* Task to complete: Repeat the entries below exactly. Begin with the first line and end with the line that contains "Azure Collagen &".

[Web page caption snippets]

□ □ □ □ □

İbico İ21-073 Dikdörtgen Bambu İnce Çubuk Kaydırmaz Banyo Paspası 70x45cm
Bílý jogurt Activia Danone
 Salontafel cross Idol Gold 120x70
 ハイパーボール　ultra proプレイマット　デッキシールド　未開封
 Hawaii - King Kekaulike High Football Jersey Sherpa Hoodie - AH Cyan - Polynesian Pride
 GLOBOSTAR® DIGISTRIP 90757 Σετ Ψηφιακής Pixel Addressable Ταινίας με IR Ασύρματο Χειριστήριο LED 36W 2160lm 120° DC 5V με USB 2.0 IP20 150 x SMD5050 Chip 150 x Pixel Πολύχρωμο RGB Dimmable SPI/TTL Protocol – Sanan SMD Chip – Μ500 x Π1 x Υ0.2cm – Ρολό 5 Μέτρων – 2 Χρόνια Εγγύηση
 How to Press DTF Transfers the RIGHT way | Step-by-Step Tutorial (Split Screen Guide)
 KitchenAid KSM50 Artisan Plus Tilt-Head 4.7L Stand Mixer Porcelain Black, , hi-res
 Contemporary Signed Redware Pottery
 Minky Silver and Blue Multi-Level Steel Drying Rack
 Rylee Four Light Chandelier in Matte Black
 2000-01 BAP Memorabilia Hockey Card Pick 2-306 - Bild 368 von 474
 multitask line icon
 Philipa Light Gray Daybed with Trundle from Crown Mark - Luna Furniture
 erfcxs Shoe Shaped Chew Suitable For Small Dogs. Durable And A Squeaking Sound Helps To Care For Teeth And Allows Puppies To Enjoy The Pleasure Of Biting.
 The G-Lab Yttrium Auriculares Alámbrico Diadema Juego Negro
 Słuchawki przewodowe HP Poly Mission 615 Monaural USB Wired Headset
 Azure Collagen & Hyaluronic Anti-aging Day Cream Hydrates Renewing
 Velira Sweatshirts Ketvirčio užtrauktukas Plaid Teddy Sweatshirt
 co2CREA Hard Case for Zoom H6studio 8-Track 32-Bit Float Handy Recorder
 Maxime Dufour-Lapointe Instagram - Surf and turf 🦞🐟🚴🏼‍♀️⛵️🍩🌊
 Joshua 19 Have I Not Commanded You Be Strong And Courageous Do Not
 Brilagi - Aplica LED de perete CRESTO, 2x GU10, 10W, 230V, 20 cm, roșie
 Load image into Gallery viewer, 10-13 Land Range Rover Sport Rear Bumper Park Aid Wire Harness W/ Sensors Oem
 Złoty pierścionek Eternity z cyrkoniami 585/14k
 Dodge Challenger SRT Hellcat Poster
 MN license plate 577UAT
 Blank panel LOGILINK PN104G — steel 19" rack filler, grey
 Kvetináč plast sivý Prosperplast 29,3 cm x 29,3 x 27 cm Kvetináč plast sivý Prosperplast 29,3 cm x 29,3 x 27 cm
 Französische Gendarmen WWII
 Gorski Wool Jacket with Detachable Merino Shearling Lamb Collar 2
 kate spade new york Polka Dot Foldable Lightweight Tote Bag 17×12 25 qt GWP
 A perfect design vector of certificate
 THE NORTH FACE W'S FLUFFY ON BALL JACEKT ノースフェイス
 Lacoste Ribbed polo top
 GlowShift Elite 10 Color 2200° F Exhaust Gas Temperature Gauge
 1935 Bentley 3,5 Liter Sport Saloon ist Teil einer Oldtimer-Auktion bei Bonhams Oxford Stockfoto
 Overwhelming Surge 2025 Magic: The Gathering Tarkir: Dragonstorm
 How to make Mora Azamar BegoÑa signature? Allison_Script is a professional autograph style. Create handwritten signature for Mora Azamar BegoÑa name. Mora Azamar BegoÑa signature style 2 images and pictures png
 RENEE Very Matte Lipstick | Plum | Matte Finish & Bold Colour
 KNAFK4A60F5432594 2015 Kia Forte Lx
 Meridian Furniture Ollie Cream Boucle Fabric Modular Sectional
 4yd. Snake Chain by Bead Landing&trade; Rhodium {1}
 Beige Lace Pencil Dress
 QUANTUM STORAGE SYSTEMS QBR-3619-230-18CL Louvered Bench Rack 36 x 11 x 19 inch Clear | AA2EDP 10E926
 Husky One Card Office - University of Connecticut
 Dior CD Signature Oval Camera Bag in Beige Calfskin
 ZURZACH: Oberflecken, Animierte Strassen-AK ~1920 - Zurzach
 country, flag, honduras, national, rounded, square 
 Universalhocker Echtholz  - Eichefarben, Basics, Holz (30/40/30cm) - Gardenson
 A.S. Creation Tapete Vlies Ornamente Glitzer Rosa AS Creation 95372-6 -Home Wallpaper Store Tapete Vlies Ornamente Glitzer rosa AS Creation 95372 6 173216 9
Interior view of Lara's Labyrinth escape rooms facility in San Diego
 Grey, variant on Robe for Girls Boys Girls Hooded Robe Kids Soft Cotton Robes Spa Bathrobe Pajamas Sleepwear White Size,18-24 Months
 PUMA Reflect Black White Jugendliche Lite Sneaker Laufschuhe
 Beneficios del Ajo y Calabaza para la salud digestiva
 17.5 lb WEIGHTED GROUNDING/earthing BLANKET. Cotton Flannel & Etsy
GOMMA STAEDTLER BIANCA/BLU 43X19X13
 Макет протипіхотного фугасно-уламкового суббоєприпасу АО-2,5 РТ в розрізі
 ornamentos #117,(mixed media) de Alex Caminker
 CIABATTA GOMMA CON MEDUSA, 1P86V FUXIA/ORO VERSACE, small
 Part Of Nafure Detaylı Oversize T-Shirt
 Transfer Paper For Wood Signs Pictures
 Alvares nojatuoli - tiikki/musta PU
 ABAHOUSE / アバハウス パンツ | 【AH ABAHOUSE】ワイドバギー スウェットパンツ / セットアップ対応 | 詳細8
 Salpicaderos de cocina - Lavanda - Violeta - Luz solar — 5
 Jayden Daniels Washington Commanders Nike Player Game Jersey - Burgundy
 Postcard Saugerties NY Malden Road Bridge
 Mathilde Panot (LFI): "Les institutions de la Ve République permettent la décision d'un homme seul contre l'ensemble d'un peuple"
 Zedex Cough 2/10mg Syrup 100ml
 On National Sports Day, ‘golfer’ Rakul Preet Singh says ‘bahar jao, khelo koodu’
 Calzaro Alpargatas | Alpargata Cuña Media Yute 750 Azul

□ □ □ □ □

* Your solution:
İbico İ21-073 Dikdörtgen Bambu İnce Çubuk Kaydırmaz Banyo Paspası 70x45cm
Bílý jogurt Activia Danone
 Salontafel cross Idol Gold 120x70
 ハイパーボール　ultra proプレイマット　デッキシールド　未開封
 Hawaii - King Kekaulike High Football Jersey Sherpa Hoodie - AH Cyan - Polynesian Pride
 GLOBOSTAR® DIGISTRIP 90757 Σετ Ψηφιακής Pixel Addressable Ταινίας με IR Ασύρματο Χειριστήριο LED 36W 2160lm 120° DC 5V με USB 2.0 IP20 150 x SMD5050 Chip 150 x Pixel Πολύχρωμο RGB Dimmable SPI/TTL Protocol – Sanan SMD Chip – Μ500 x Π1 x Υ0.2cm – Ρολό 5 Μέτρων – 2 Χρόνια Εγγύηση
 How to Press DTF Transfers the RIGHT way | Step-by-Step Tutorial (Split Screen Guide)
 KitchenAid KSM50 Artisan Plus Tilt-Head 4.7L Stand Mixer Porcelain Black, , hi-res
 Contemporary Signed Redware Pottery
 Minky Silver and Blue Multi-Level Steel Drying Rack
 Rylee Four Light Chandelier in Matte Black
 2000-01 BAP Memorabilia Hockey Card Pick 2-306 - Bild 368 von 474
 multitask line icon
 Philipa Light Gray Daybed with Trundle from Crown Mark - Luna Furniture
 erfcxs Shoe Shaped Chew Suitable For Small Dogs. Durable And A Squeaking Sound Helps To Care For Teeth And Allows Puppies To Enjoy The Pleasure Of Biting.
 The G-Lab Yttrium Auriculares Alámbrico Diadema Juego Negro
 Słuchawki przewodowe HP Poly Mission 615 Monaural USB Wired Headset
 Azure Collagen & Hyaluronic Anti-aging Day Cream Hydrates Renewing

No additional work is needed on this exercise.